↓↓↓

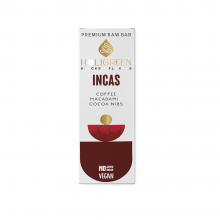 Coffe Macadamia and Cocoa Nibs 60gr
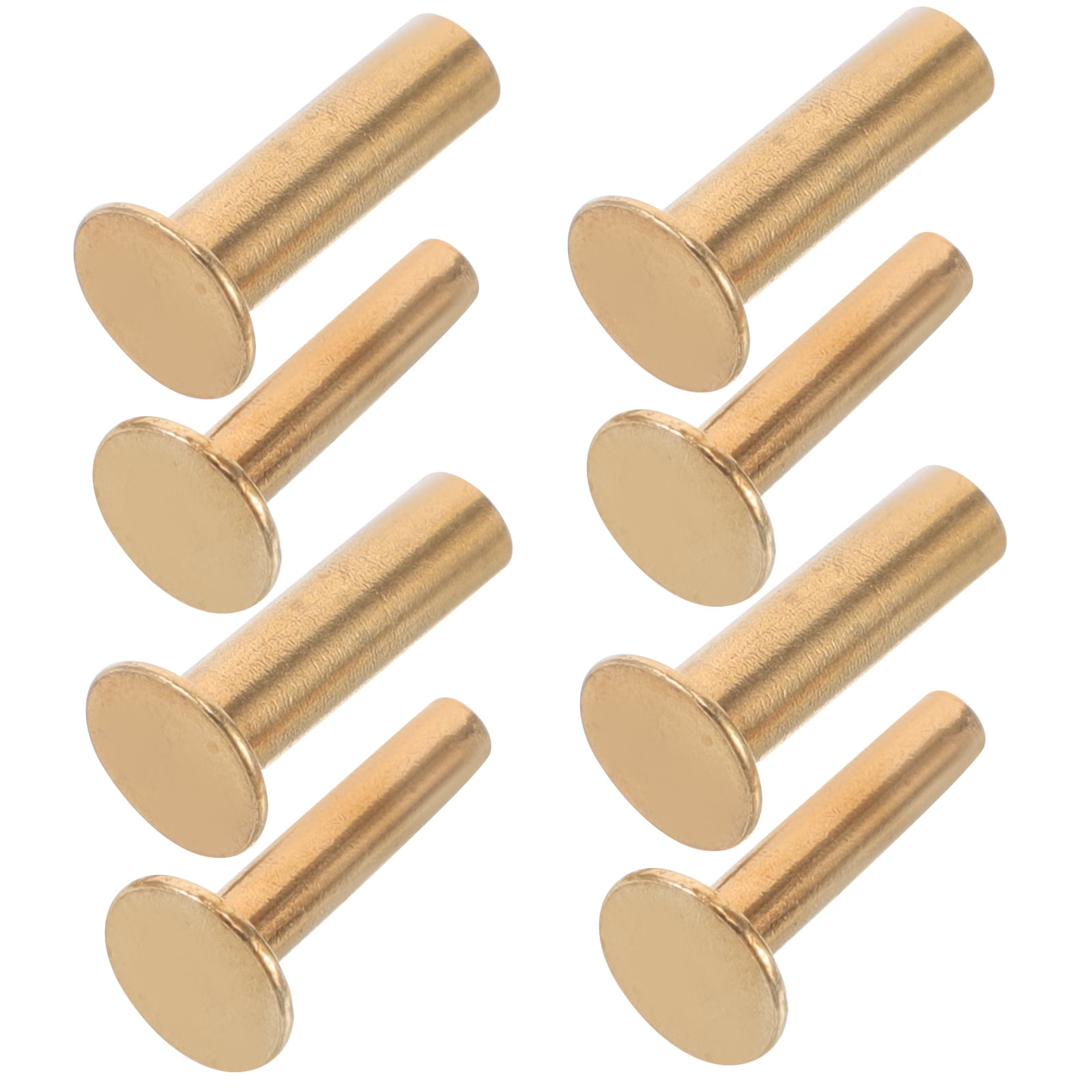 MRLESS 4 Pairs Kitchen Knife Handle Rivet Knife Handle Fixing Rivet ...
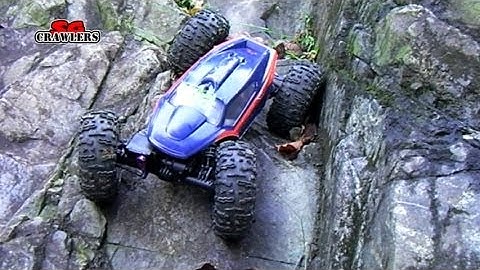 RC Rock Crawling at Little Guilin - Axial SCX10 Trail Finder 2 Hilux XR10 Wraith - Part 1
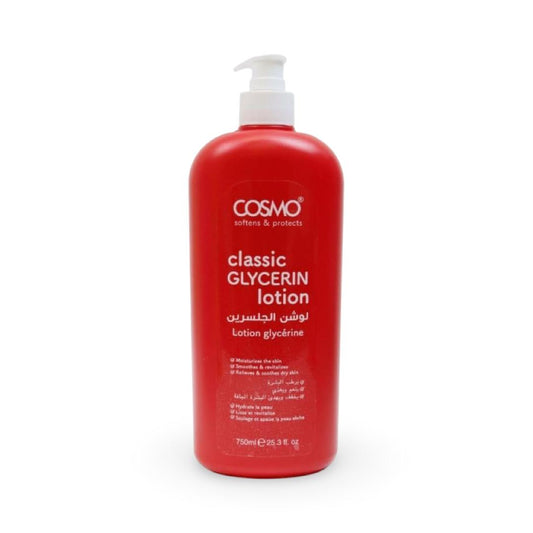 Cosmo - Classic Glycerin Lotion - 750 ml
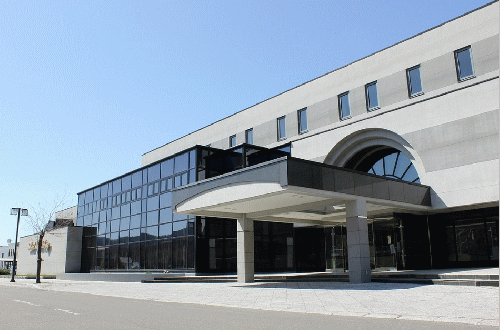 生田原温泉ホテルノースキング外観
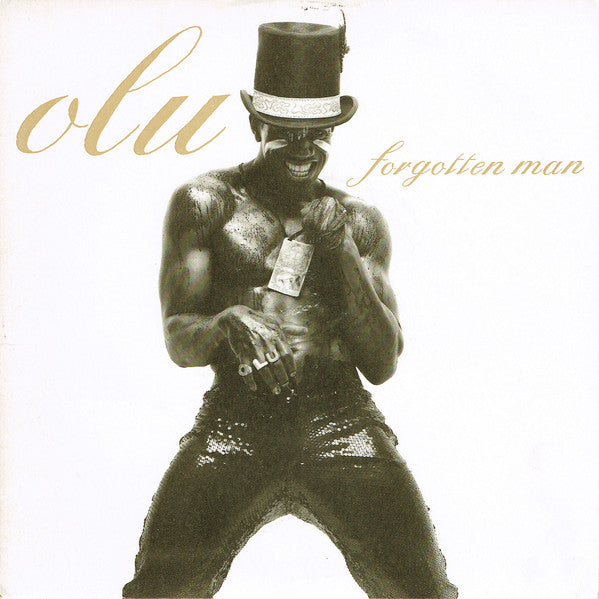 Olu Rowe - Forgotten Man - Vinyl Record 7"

↑↑↑
↓↓↓

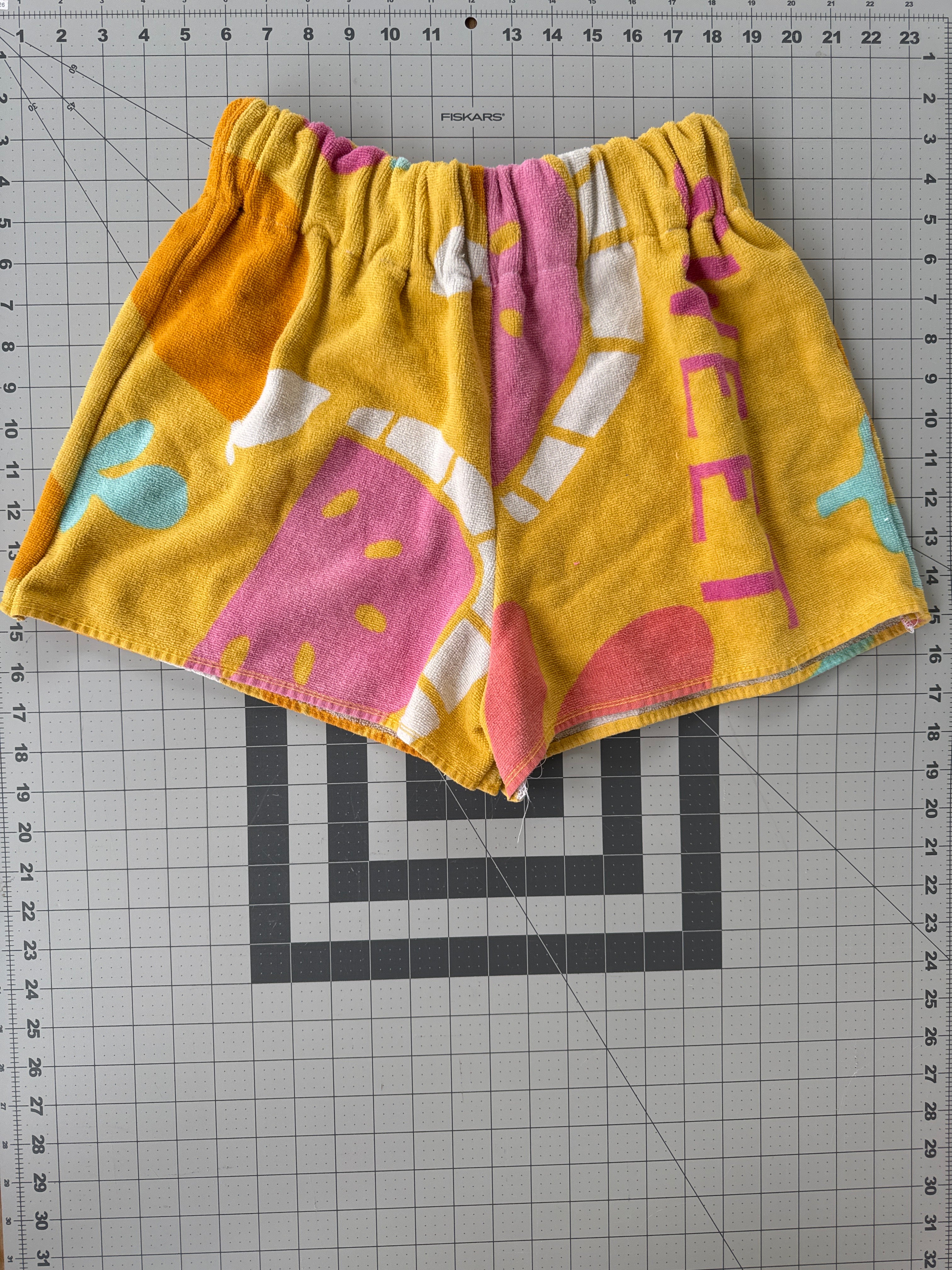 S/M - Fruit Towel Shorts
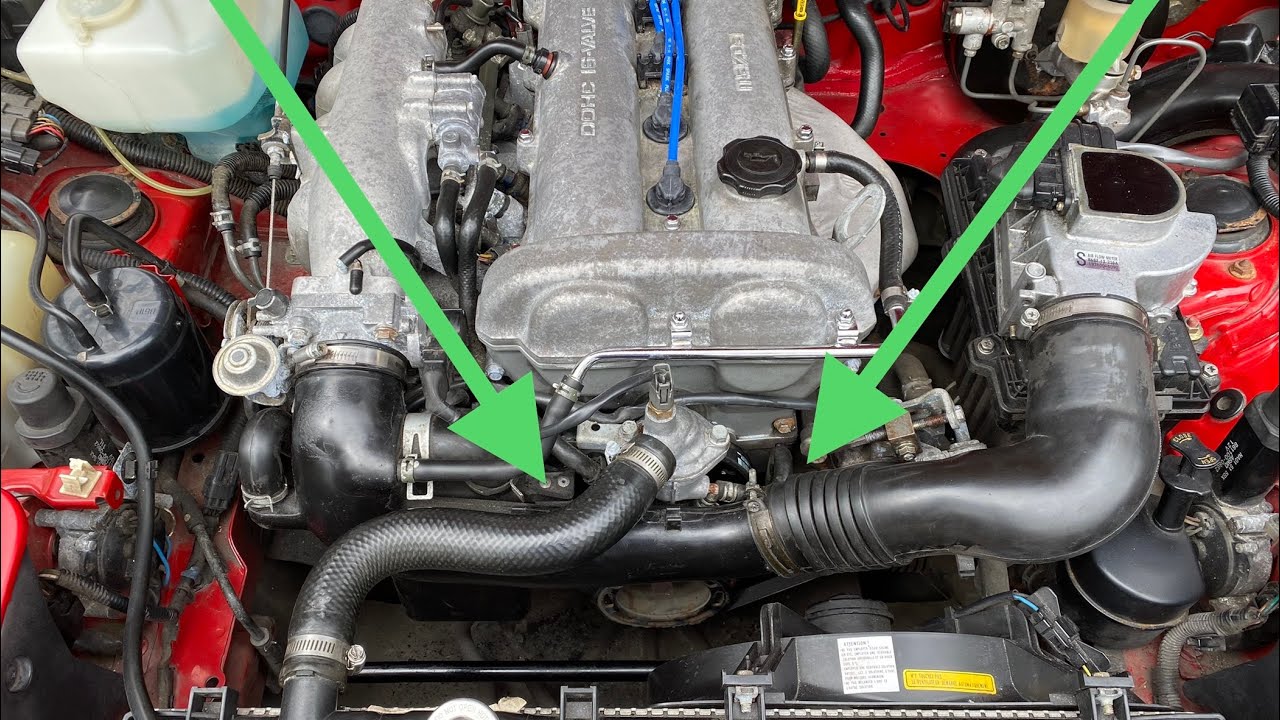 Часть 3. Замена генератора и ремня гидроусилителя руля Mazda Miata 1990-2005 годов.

↑↑↑

Within the listing above, extract exactly the lines that run from the one containing "MRLESS 4 Pairs" through the one containing "Olu Rowe - Forgotten", excluding any pictures.

 MRLESS 4 Pairs Kitchen Knife Handle Rivet Knife Handle Fixing Rivet ...
 RC Rock Crawling at Little Guilin - Axial SCX10 Trail Finder 2 Hilux XR10 Wraith - Part 1
 Cosmo - Classic Glycerin Lotion - 750 ml
 生田原温泉ホテルノースキング外観
 Olu Rowe - Forgotten Man - Vinyl Record 7"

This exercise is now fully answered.